Galen Baughman, who was convicted of a sex-related offense as a teenager and has become a well-known activist on issues around sex offenders, was also affected. He had his voting rights restored by then governor Ralph Northam in May of 2021 and had been voting ever since. When he showed up to vote in Virginia’s primaries earlier this year, he found out he had been removed from the rolls.
“I know that people have been literally put in handcuffs for trying to vote. I’ve had enough handcuffs in my life – I didn’t want to have that experience again,” he said.
Baughman followed up with the local registrar, who informed him that he had been removed because records showed he had committed a new felony, according to a letter Baughman provided to the Guardian. The “new felony” actually was a probation violation for being kicked out of a treatment program, according to court documents and an official criminal history record. He eventually went to court and got a judge to order the registrar to restore him to the rolls.
Virginia’s department of elections said on Friday that nearly all those affected had been reinstated and were receiving notification. Voting rights groups, who have spent weeks pressing the state for more information, are concerned there will still be confusion and want assurances there aren’t more affected voters.
“If you are somebody who has had their rights restored and you’re unsure whether you’ve been affected or not, there’s just such [a] chilling effect,” said Tram Nguyen, the co-executive director of New Virginia Majority, a non-profit civic engagement group.
Democratic members from Virginia’s congressional delegation called on the justice department to investigate the matter. A justice department spokesperson declined to comment on the request. Porter, the governor’s spokesperson, referred questions to the Virginia department of elections, which did not respond to a request for comment. Youngkin has asked Virginia’s inspector general to investigate the issue.
“We really have no way to know if 3,400 is accurate,” said Shawn Weneta, a policy and advocacy strategist at the Virginia chapter of the American Civil Liberties Union. “The administration still is refusing to be transparent with voters about how it happened.”
It’s also unclear what information the state is providing to voters to explain the issue. Weneta provided a letter to the Guardian that was sent to one person who was wrongly removed that informed him he was newly registered to vote with no explanation of why he had been removed.
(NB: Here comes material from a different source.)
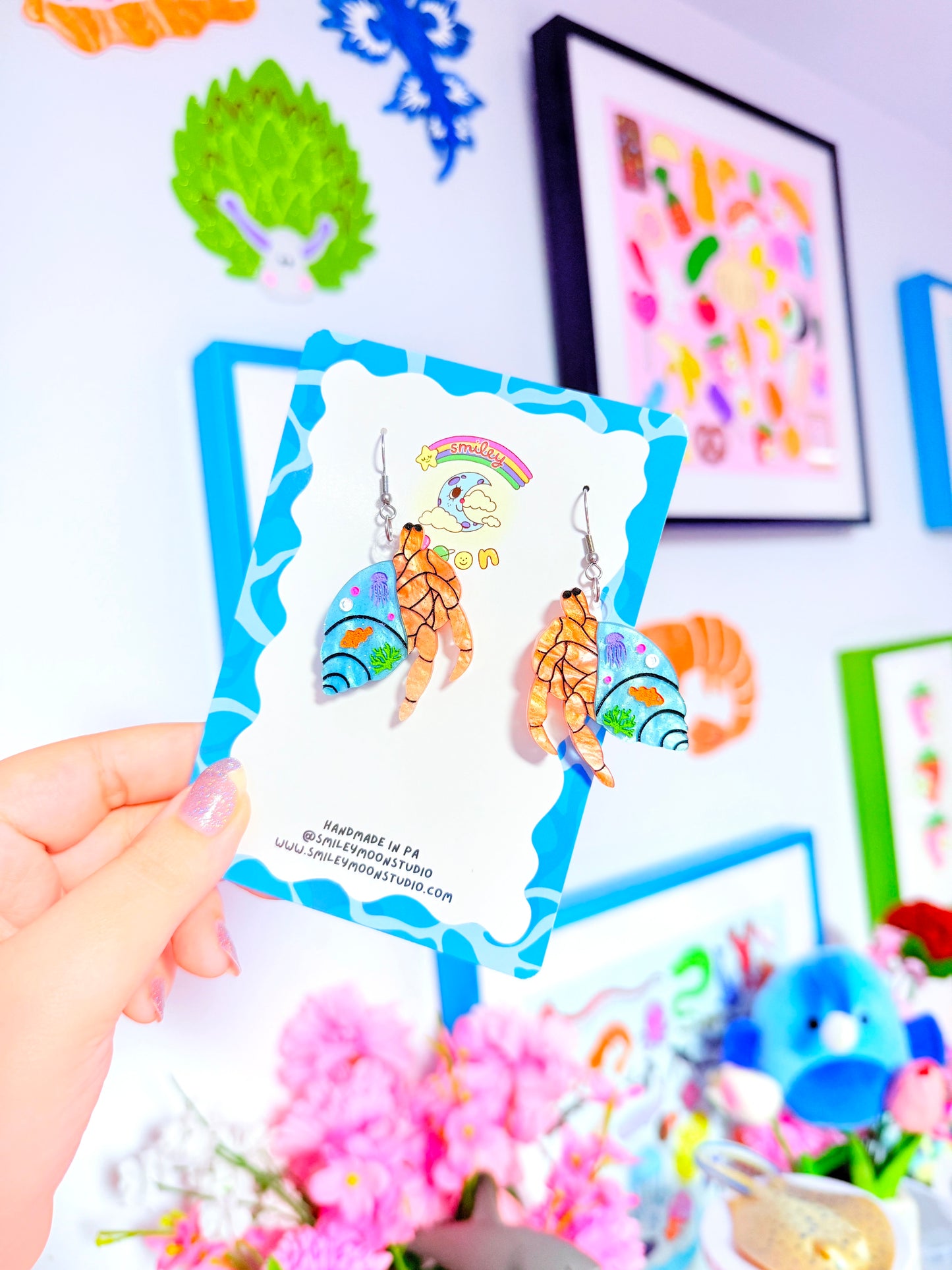 Hermit Crab Acrylic Earrings (Aquarium-core)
Making sure those affected receive a thorough explanation is critical. When someone is removed, they typically receive a letter from election officials informing them of the reason they’re being removed. Even though Virginia has same-day registration, people who show up at the polls and find out they have been purged might not have all the information they need to register on the spot, said Sheba Williams, who runs Nolef Turns, a group that advocates for people with felony convictions.
“The reality is we are now eight days away from an election and many of these voters likely received a letter from their registrar … saying that their voting rights had been revoked,” Aaron Mukerjee, an attorney who is leading voter-protection efforts for the Democratic party of Virginia, said on Monday. “This is all a bit too late. The deadline for requesting an absentee ballot has already passed. The deadline to register without having to do same-day registration has already passed.”